Isaac Laurens Fasseur (1859 – after 1900) was a United States Navy sailor and a recipient of the United States military's highest decoration, the Medal of Honor.

==Biography==
Born in 1859 in Flushing, Netherlands to Elisabeth Odem and the sailor Isaac Fasseur. Fasseur was living in Valparaíso, Chile, when he joined the U.S. Navy. By June 13, 1884, he was serving as an ordinary seaman on the . On that day, while Lackawanna was at Callao, Peru, William Cruise fell overboard and was rescued by Fasseur and another sailor, Captain of the Hold Louis Williams. For this action, both Fasseur and Williams were awarded the Medal of Honor.

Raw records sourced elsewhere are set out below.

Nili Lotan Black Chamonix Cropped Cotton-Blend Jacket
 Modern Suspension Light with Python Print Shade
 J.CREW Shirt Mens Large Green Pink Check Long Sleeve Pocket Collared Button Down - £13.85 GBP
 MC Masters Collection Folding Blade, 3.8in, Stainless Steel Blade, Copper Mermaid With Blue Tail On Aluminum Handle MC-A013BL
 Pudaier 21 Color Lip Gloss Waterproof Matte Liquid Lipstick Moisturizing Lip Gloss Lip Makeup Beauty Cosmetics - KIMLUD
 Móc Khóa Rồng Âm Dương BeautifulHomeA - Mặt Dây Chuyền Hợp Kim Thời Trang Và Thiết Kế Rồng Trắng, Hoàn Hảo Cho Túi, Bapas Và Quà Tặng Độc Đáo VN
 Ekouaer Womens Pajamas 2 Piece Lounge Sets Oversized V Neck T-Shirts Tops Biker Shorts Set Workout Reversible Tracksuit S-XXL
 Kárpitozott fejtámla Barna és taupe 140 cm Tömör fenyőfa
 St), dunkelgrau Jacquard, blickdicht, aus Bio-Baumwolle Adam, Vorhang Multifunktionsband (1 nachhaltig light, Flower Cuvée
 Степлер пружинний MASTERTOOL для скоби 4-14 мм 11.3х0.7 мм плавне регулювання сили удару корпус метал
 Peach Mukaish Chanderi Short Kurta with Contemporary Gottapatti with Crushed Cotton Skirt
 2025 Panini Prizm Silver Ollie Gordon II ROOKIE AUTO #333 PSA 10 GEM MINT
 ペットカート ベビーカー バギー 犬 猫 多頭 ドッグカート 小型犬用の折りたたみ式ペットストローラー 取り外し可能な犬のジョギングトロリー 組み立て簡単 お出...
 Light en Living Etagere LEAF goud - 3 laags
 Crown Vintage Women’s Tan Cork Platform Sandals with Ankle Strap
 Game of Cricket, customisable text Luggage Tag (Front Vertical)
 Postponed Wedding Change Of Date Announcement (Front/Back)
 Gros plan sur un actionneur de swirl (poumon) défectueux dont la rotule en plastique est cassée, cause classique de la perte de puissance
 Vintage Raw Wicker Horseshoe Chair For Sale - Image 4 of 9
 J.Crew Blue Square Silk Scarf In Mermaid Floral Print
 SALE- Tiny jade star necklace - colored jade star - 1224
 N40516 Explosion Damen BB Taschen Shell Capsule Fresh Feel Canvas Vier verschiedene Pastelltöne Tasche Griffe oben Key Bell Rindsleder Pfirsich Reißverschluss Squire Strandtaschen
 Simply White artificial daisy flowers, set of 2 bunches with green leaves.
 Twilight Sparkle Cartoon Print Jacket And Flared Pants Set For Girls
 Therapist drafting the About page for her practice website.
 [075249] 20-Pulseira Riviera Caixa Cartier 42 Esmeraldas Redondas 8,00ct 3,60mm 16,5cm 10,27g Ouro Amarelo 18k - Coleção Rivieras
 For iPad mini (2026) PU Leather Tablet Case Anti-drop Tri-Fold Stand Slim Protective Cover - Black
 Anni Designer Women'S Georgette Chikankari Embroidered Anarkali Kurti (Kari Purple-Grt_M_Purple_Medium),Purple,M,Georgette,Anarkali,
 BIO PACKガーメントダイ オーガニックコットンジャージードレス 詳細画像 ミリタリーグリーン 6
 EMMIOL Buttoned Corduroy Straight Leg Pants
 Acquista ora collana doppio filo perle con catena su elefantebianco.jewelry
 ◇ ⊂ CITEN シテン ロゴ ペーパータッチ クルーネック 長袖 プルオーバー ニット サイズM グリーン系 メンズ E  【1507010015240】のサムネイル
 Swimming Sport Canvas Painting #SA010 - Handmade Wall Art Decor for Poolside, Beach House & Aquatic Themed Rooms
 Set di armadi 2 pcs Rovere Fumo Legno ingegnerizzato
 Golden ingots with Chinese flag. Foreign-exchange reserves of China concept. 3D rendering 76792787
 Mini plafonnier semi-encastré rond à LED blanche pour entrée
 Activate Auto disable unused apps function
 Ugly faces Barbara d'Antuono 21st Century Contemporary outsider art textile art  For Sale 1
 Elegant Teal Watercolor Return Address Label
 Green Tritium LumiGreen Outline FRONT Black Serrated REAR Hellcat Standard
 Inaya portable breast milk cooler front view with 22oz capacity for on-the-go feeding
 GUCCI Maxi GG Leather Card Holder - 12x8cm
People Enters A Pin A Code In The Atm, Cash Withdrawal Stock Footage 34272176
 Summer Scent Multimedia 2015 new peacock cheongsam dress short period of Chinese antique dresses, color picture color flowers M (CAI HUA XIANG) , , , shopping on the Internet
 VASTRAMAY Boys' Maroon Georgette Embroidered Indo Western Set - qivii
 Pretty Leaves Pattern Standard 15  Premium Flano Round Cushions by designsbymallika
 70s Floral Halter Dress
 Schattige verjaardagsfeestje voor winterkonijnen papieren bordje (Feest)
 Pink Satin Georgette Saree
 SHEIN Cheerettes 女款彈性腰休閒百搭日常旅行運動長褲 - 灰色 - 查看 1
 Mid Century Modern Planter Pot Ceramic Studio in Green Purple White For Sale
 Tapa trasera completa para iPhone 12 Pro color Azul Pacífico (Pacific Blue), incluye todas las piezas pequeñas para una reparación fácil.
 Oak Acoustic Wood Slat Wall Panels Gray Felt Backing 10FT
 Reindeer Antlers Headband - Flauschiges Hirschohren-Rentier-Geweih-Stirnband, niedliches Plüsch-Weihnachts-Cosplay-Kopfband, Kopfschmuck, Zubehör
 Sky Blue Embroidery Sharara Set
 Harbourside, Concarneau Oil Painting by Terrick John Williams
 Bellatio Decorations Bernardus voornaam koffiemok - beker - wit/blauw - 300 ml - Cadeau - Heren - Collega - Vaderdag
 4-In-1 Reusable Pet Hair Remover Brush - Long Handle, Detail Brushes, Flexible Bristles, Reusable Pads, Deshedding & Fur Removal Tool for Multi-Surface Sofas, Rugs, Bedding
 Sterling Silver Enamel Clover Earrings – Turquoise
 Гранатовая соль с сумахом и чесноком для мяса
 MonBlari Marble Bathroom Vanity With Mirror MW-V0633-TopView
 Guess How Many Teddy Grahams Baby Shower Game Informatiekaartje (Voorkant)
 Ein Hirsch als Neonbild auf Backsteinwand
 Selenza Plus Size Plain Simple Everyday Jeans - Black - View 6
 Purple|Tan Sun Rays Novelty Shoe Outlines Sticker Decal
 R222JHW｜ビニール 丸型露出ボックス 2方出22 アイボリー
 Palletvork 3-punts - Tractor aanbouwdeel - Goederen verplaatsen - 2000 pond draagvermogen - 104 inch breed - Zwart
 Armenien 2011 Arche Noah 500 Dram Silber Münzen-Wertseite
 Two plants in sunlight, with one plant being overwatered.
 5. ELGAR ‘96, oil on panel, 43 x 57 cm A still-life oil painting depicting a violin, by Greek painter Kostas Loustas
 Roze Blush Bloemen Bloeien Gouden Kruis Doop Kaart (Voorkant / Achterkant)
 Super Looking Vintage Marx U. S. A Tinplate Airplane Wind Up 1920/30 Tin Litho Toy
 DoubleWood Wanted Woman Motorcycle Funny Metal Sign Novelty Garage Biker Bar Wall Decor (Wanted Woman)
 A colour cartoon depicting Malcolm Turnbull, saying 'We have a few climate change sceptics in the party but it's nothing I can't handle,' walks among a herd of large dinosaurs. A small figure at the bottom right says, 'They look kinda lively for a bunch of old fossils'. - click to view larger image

Fasseur's official Medal of Honor citation reads:
Serving on board the U.S.S. Lackawanna, 13 June 1884, at Callao, Peru, Fasseur rescued William Cruise, who had fallen overboard, from drowning.

==Later life==
In April 1885, Fasseur was honorably discharged from the Navy as ships tailor. He married in 1889 in Rotterdam with Maria Valke, but the couple divorced in 1897. In the 1900 United States Census, Fasseur was again in the US Navy, aboard the cruiser USS Philadelphia that was moored in Bremerton, Washington, giving as his home address the Mare Island Naval Shipyard in Vallejo, California.

His date of death and place of burial are unknown.